Agenda 21, pp. 143-145

Chapter Twenty-Two includes more exploration of the Village, such as a scene of children in the play area singing this oh-so-clever variant on a classic children's song:

Every day I walk my board
Walk my board
Walk my board
Every day I walk my board
For my fair Republic

I realize that this is meant to be creepy, but all I thought as I read it was "That last line doesn't scan at all."

Aside from a new setting, there's one other thing that this chapter brings to the table - character motivation. One of Vonnegut's rules is that every character should want something, but Emmeline hasn't exactly been keeping up her side. For most of the novel thus far, she's been a passive little tabula rasa waiting for someone else to tell her what to do. By this point, however, she has a few motivations. Here's a rough list:

  1. Find Elsa and, if possible, take her out of the Village;
  2. Hot sex with sexy David;
  3. Escape from the silliest dystopian city ever.
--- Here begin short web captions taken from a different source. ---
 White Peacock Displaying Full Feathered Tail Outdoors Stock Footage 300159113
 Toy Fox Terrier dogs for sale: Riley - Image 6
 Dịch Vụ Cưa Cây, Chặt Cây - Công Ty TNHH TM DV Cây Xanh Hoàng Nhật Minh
Given her behavior over the next few chapters, I think there's another item that belongs there:

  1. Get caught.

Seriously, if Winston Smith had taken this many meaningless risks, he'd have been in Miniluv around page 10. Here's an early example:

"Your responsibilities will include hourly rounds on all the children. Between rounds you'll be stationed in the infants' area."

"With Elsa," I finished.

Now I know what you're thinking: "This isn't a risk. Joan is a friend." Except not five pages earlier, we had this:

[Joan] didn't look at John and he didn't look at her. That must be something that can be monitored.

So Joan was careful not to look at her husband because that might somehow give away the game, and yet we now have Our Capable Protagonist openly discussing the daughter she isn't supposed to know about. Did I mention that, as she altered records, Joan is neck-deep in this and will also be in peril if Emmeline is caught?
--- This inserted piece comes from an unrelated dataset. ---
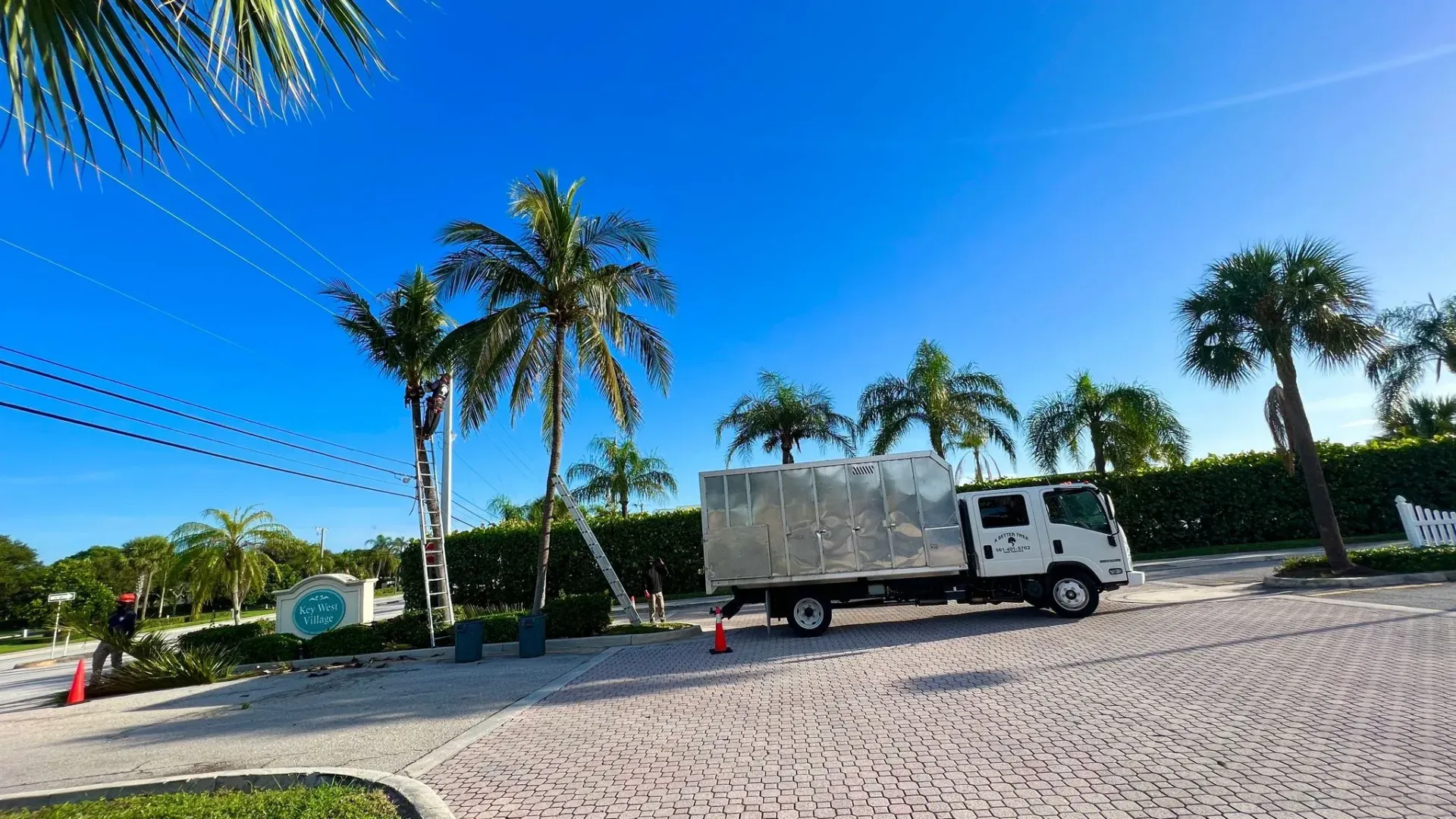 Tree Service Company In Tequesta, FL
Not that it matters, as Emmeline is our Mary Sue and they're never in any real danger.

The literary term "Mary Sue" (sometimes masculinized as "Gary Stu" or "Marty Stu") is thrown around a lot when discussing bad writing, but it's misused more often than not. The term originates in the fanfiction community, where it refers to a type of wish fulfillment character who is connected to all of the official in-universe characters and yet is more important than any of them. The term later found its way into the world of original fiction, where the meaning is a little muddy. People define the term in a lot of different ways; some argue that it has become too broadly defined to be of any use.
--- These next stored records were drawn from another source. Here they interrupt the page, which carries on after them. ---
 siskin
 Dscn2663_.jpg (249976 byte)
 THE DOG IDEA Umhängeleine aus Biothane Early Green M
To use the most widely accepted definitions: A Mary Sue is a type of highly idealized character - preternaturally skilled, beloved by all (except the villains), and critically, centrally important to everything that happens in the story. S/he is often (but not always) an authorial self-insert, a character meant to represent the author in the story. As a character loved by his/her inventor, a Mary Sue faces no setbacks and no problems that rise beyond the level of nuisances. Above all, the Mary Sue is unique, better than everyone else and unbound by the normal rules.

Let's look at Emmeline. She is consistently depicted as being better at her peers by dint of being "home-raised,"* which is very rare. She has had no real obstacles - all of her problems have been defused in a paragraph or two without so much as a trace of sweat. Most telling, her entire current circumstances - where she is working at a special job while also being married off to a normally chaste Gatekeeper - is a result of a special dispensation. That's right - the evil, tyrannical, mindlessly inflexible future government is breaking its own rules to make Emmeline happy.

"But what about those first few chapters?" I hear you say. "She faced plenty of adversity there." Par for the course, my friend. Remember that those were flashbacks, events that had already come to pass. It's actually not unusual for a Mary Sue to have an arbitrarily traumatic background. Some of them get really grim - Emmeline's history is tame compared to some of the blood-soaked Mary Sue backstories I've seen. Giving the Mary Sue a tragic background is an easy way for the author to gin up some sympathy for a character s/he wants everyone to love. Everything that happens in the present time of the story is smooth sailing. And by the way...

...that's going to be true here, too. It doesn't matter how many times Emmeline acts insubordinate, or speaks out of line, or lets slip something she shouldn't. Nothing bad happens, because she is protected by the power of plot. The plot doesn't call for Emmeline to be dragged off, so she won't be, and that's simply the state of things.

*  *  *  *  *

*Yes, it was "homeschooled" earlier. It will be "home-raised" for the rest of the story. This book was professionally edited and published under a major imprint.